Morti, morti e ancora morti… Non passa giorno che non si debba registrare una triste litania di persone giunte, o fatte giungere contro la loro volontà, al capolinea della vita. Numeri sempre più impressionanti per quantità, per genere, per circostanze le più incredibili, per fatalità, per violenza; singoli, gruppi, stragi. La cronaca quotidiana sembra essere destinata a diventare in modo sempre più allarmante un grido strozzato di morte, piuttosto che un inno gioioso alla vita. L’antico, e ormai anacronistico, requiem sovrasta di gran lunga il festoso canto alla vita e alla gioia che pure vorrebbe esplodere nel cuore di tanti.
E di fronte a tanto deserto arido e martellante come si reagisce? Sul momento prevale l’onda emotiva, particolarmente quando i dettagli di una disgrazia o di una sciagura impediscono di rimanere inerti, in una sorta di autodifesa, o di mal represso compiacimento per lo scampato pericolo (poteva capitare a me, o a qualcuno dei miei!). Allora, il tutto si risolve nella partecipazione al rito collettivo delle esequie o del commiato variamente espresso, nel quale i sentimenti sono i più contrastanti: dal sincero sgomento, al bisogno di manifestare vicinanza e solidarietà, fino ad arrivare a forme di esibizionismo immotivato, o di curiosità becera, o di scandalizzata indignazione. In ogni caso, esauritasi la corrente emotiva, con la stessa rapidità che l’ha generata, tutto ritorna nel grigiore assuefatto che metabolizza anche gli episodi più raccapriccianti.
Succede così che, pur convivendo quotidianamente con la morte, si finisca con il renderla innocua, ignorandola, o facendo finta che essa sia una eventualità che non ci riguarda. Pronti, tuttavia, a rifare il percorso ipocritamente addolorato alla prossima notizia di morte che in qualche modo possa riguardarci. In tale contesto rimane, purtroppo, senza soluzione il nodo inquietante del nostro rapporto con la morte; con questa realtà ineluttabile della vita, infatti, restiamo assai riluttanti a voler fare i conti, sebbene ci si debba misurare con essa quasi quotidianamente. Queste considerazioni mi vengono alla mente nell’imminenza della commemorazione dei fedeli defunti, memoria liturgica celebrata il 2 novembre.
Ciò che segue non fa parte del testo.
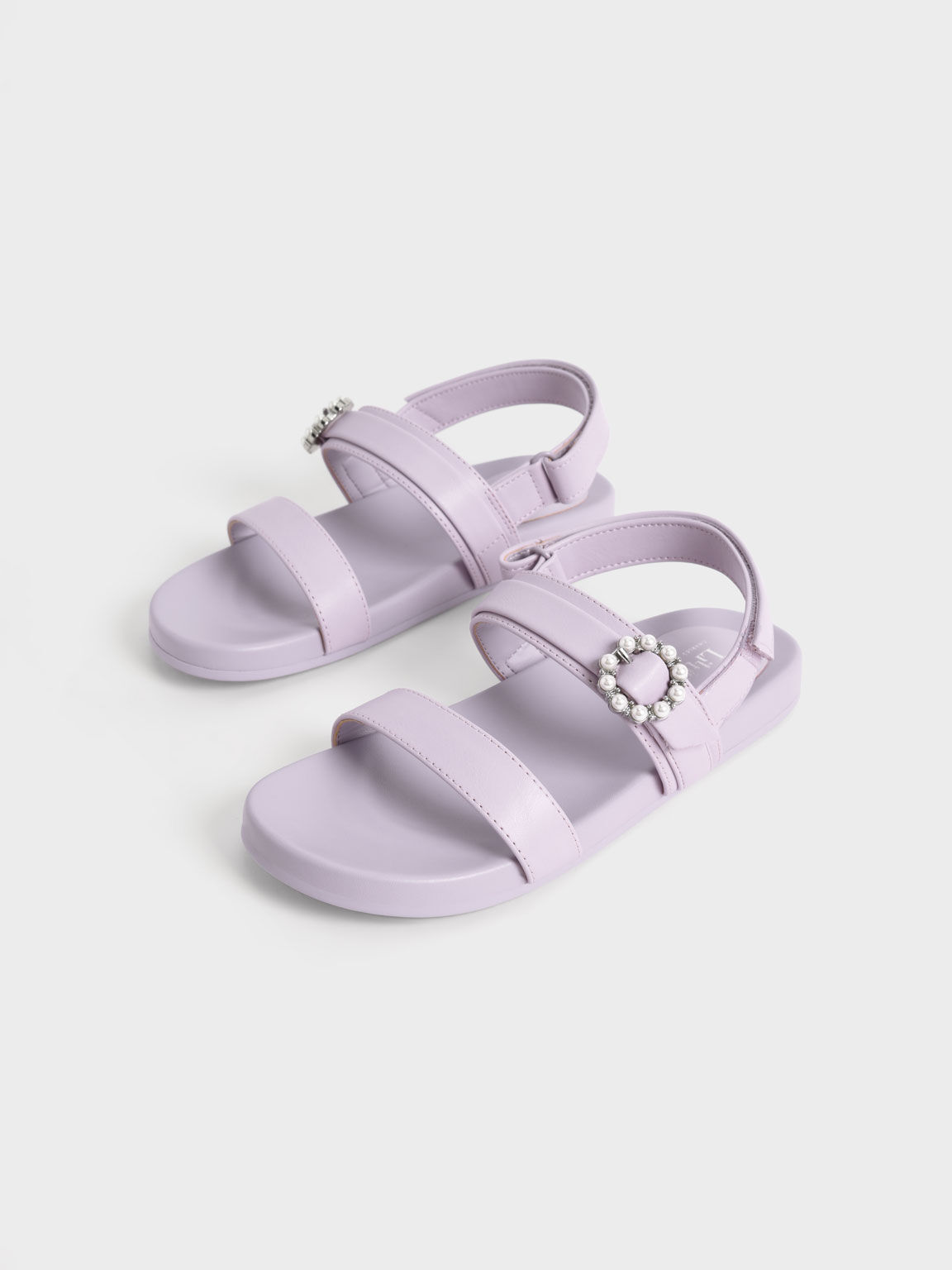 Giày sandals trẻ em Bead Embellished, Xám hoa lilac, hi-res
Quel giorno in tanti paghiamo il debito di tanta smemoratezza nei confronti dei nostri defunti e di tutti quei morti che, in qualche modo, pesano sulle nostre coscienze. Un pensiero, una visita al cimitero, un fiore, un lumino ci mettono al riparo, facile e comodo, da rimorsi e rimpianti che, al contrario, dovrebbero riconciliarci con la vita, ammaestrati dal cono d’ombra che la morte proietta sull’esistenza quotidiana. Per uscire dall’astrattezza di pensieri che alla fine possono risultare fine a se stessi, penso che possa giovare una duplice indicazione per una celebrazione del 2 novembre che non ne vanifichi il messaggio. La prima dovrebbe portare a dare seguito all’emozione di qualche morte violenta che ha coinvolto famiglie che si conoscono, rimaste sole dopo l’iniziale ondata di partecipazione di massa. La vicinanza non di circostanza sarebbe di grande conforto.
La seconda indicazione dovrebbe portare a familiarizzare con il pensiero della morte per superare quello sgomento che stringe il cuore al pensiero che giungerà anche per noi quell’ultimo giorno. E per chi crede questa confidenza con «sora nostra morte corporale, da la quale nullu homo vivente pò scappare» (San Francesco) non può essere disgiunta dalla certezza della risurrezione, la sola che può illuminare il mistero della morte. L’esperienza e la certezza che fecero le donne al sepolcro alle parole dell’Angelo il mattino di Pasqua devono essere la nostra forte e chiara convinzione: «Perchè cercate tra i morti colui che è vivo? Non è qui, è risorto» (Lc 24,5-6). È questa l’unica risorsa che può lacerare il buio fitto che avvolge la morte, con un innegabile e consolante richiamo e ritorno alla vita.